There’s another point I’d like to reflect on, even though the feast is over and we’re back to pounding the floor with our heads and fasting and all that. It’s the opening greeting of the
There has been a lot of squabbling over the precise meaning of Khaire, kekharitomeni… It is usually translated “Hail, full of grace,” or “Hail, highly favored one.” Non-Catholics don’t like “full of grace” (sounds too much like the Hail Mary, though the only reason there is a Hail Mary is because the Archangel said “Hail, full of grace”; it also sounds too much like it reflects the doctrine of the Immaculate Conception). They settle for “highly favored,” I guess because it’s more “generic” and doesn’t hint at things they’d rather not believe.
Truth is, either version is acceptable as a translation, though “full of grace” is more Christian, as we’ll see in a bit. First, though, let’s get rid of that “hail”. The word khaire was used as a general form a greeting in those days, much as we would use “hello” today. But thankfully, most translators don’t write “Hello, full of grace,” in their versions of the Gospel. To translate it literally, though, would be to say, “Rejoice, full of grace,” which is how many of our liturgical texts are rendered in English. Not only does it sound better, it is more appropriate to the occasion, which is one of everlasting joy (potentially, anyway) for all mankind.
But the plot thickens. “Rejoice” and “full of grace” are actually two forms of the same word! Khairo has many meanings and hence is notoriously difficult to translate. Khara means joy, kharisma means gift, and kharis means grace or favor. So we can see that “full of grace” and “highly favored” both work, but we still have to get deeper. If the Gospel were not a Christian text but just a piece of ancient secular literature, then we must go with “favored one,” because “grace” would have been meaningless to the worldlings of the time. But it was part of the early Christian genius to adopt the term kharis, freely bestowed favor (St Paul was one of the great architects of this linguistic transformation), as a means of expressing God’s freely-bestowed divine activity, presence, and spiritually energizing, transforming, and saving gift, in a word, grace. So it is movement from a secular to a Christian usage to prefer “full of grace” to “highly favored.”
There is more.
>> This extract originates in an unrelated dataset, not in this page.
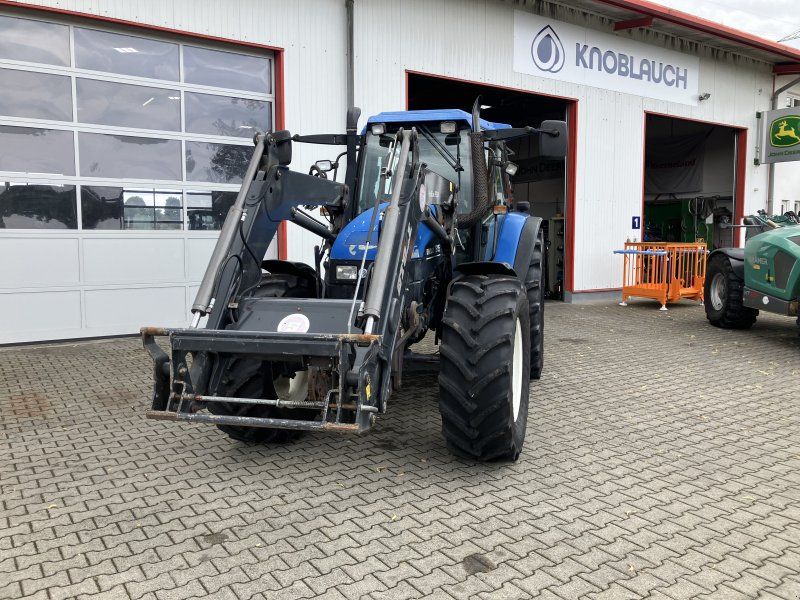 New Holland TS 115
It’s the form of the word kekharitomeni. And this form does lend credence not only to the Christian usage of “grace” but also to “full” with its connotation of Mary’s entirely-graced existence. It is a passive perfect form. Passive, because being full of grace is not her work but God’s. It was done to her. Perfect in the Greek means this: something was, or has been done, and continues in that state. It’s like the expression often found in Scripture: “It is written…” That means that it has been written in the past and stands written today. So to say that Our Lady is “full of grace,” according to the meaning and structure of the language of Scripture, means that she had already been graced (from the very beginning, according to Catholic theology), and she stands graced at this moment. That means that it wasn’t the Incarnation that made her full of grace (though we can hardly begin to imagine the magnificent blessings with which this divine indwelling enriched her), but she was already full of grace when the Archangel arrived, for that is what he called her—and angels, as you recall, don’t say anything except what God tells them to say.
(It's a similar case, in thought and theology, though not in linguistic construction, when we speak of the Virgin Mary. When we say the "Virgin Mary" we don't mean the "once-used-to-be-a-virgin" Mary, we mean, like the Greek perfect means: once a virgin and still a virgin. Hence the Church has called her, at least for the last 16 or 17 centuries, the Ever-virgin Mary.)
So if you want to be academic and secular, say “favored.” If you want to be more Christian, say “graced.” But if you want the whole truth, say “full of grace.” And don’t say “hail”; say “rejoice”!